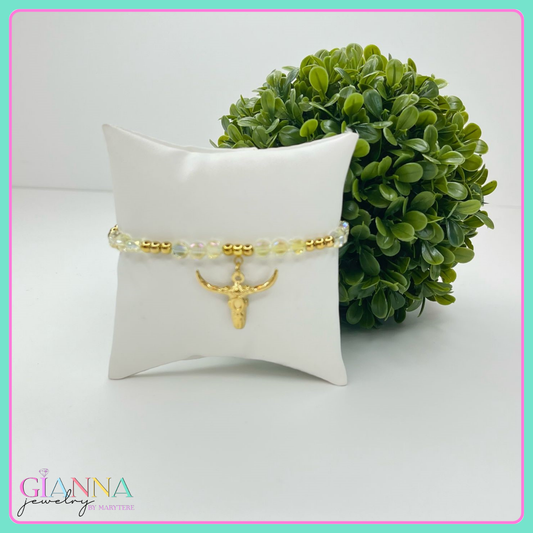Bull Bracelet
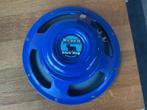 Weber  Blue Dog Alnico Speaker 12 inch 8 Ohm 50 Watt, Ophalen of Verzenden, Zo goed als nieuw, Minder dan 50 watt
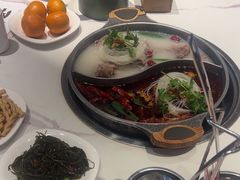 -老员外骨汤火锅(海州古城店)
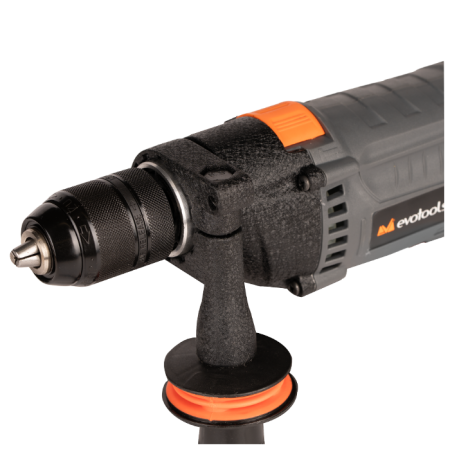 Masina gaurit percutie EvoTools ID810 810 W | PT Vest [3]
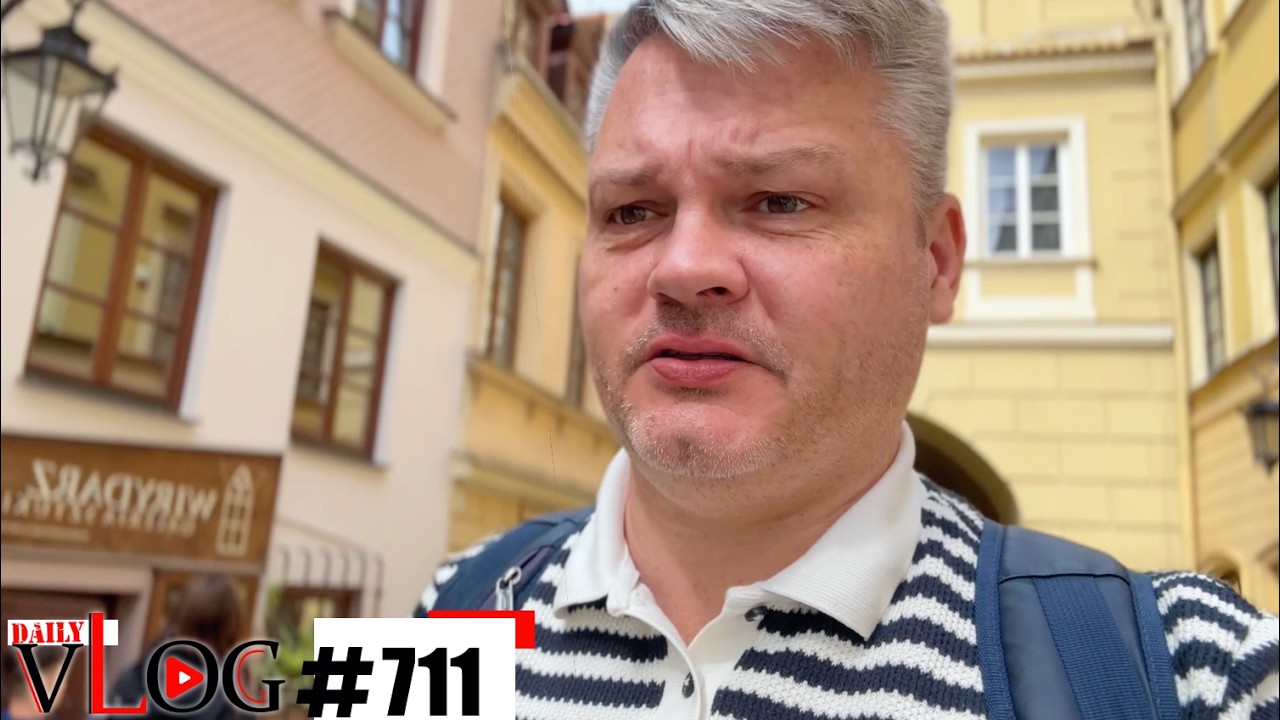 NASZ PIERWSZY DZIEŃ W LUBLINIE! 🏰 Co jest w mojej KOSMETYCZCE? | DAILY VLOG #711 MARZENA i MAREK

**Work required:** Reproduce, exactly and without pictures, the lines above from the one containing "Masina gaurit percutie" through the last line of the material, both ends included, and nothing more.

**Exercise solution:**
 Masina gaurit percutie EvoTools ID810 810 W | PT Vest [3]
 NASZ PIERWSZY DZIEŃ W LUBLINIE! 🏰 Co jest w mojej KOSMETYCZCE? | DAILY VLOG #711 MARZENA i MAREK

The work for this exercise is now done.